The Tax Court held that these more stringent “reasoned decision making and reasoned explanation requirements” that the Supreme Court applied in State Farm were not warranted in this case. In State Farm, the agency action in question was a clear and abrupt reversal in agency policy, and the earlier policy was supported by a substantial body of facts developed by the agency itself. In SIH Partners, in contrast, the Treasury Regulations in question did not reverse previously settled agency policy, and they were not promulgated contrary to facts or analysis that supported a different outcome. Accordingly, the Tax Court applied the more general “arbitrary and capricious” standard and did not subject the Treasury Regulations in question to the more stringent State Farm “reasoned decision making and reasoned explanation requirements.”
6 Section 956(d) (emphasis added).
7 In reviewing the substantive construction of Section 956 in the Treasury Regulations in question, the Tax Court applied the two-step test provided in Chevron U.S.A. Inc. v. Natural Resources Defense Council, Inc., 467 U.S. 837 (1984). Under step one, the court asks “whether Congress has directly spoken to the precise question at issue.” In this case, neither party contended that the legislature had directly spoken to the precise question at issue—that is, when and in what amount a CFC will be considered to hold United States property under Section 956 as a result of its guarantee of an obligation of a United States person. Accordingly, the court turned to step two of the Chevron test, which asks only whether the agency’s position “is based on a permissible construction of the statute.” In the case of “legislative rules” such as the Treasury Regulations at issue, a court will defer to the agency’s construction unless it is arbitrary and capricious in substance.
8 The Taxpayer also argued that, even if the Treasury Regulations are not invalidated, they cannot be applied to require the Taxpayer to have income inclusions equal to the full amount of the CFCs’ applicable earnings. According to the Taxpayer, a full analysis of the facts and circumstances surrounding the guarantees, including facts indicating that there was more than adequate credit support even without the CFCs’ guarantees, would require an apportionment of the United States property in question among the CFCs and the 37 other guarantors under Section 956(d).
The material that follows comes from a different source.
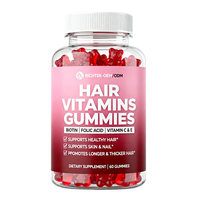 Marque privée Supplément vitaminique Vitamines A & D Cheveux sains Ours Biotine Vitamines gommes pour la croissance des cheveux
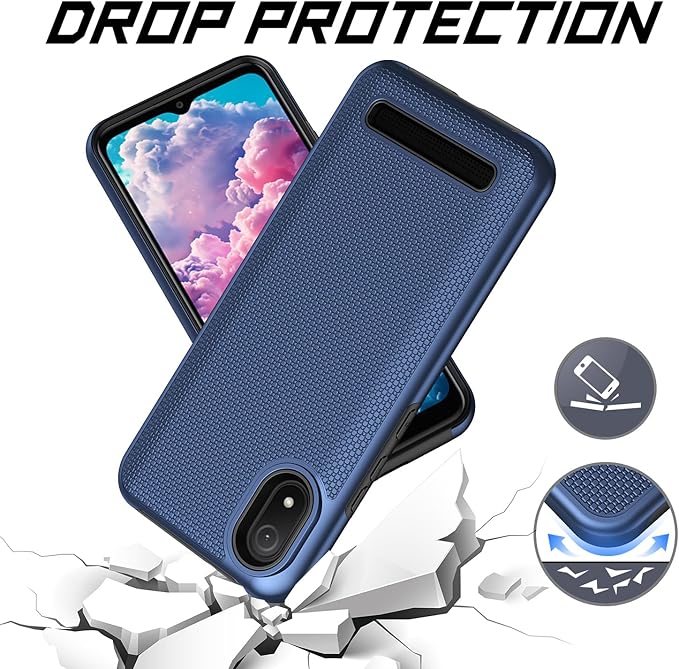 for Cloud Mobile C8 Phone Case with Screen Protector,Stratus C8 Phone Case Dual Layer Heavy Duty Protection,Slim Lightweight Rugged Military Grade Shockproof Cover for Cloud Stratus C8 Blue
The Tax Court declined to allow such an apportionment, pointing to the absence of any support for it in the applicable Treasury Regulations.
9 Because STS was organized under the laws of the Cayman Islands, which has no comprehensive income tax treaty, the IRS contended that STS was not a qualified corporation whose dividends would constitute qualified dividend income under Section 1(h)(11). The Taxpayer did not contend otherwise.
10 Rodriguez v. Commissioner, 137 T.C. 147 (2011), aff’d, 722 F.3d 306 (5th Cir. 2013).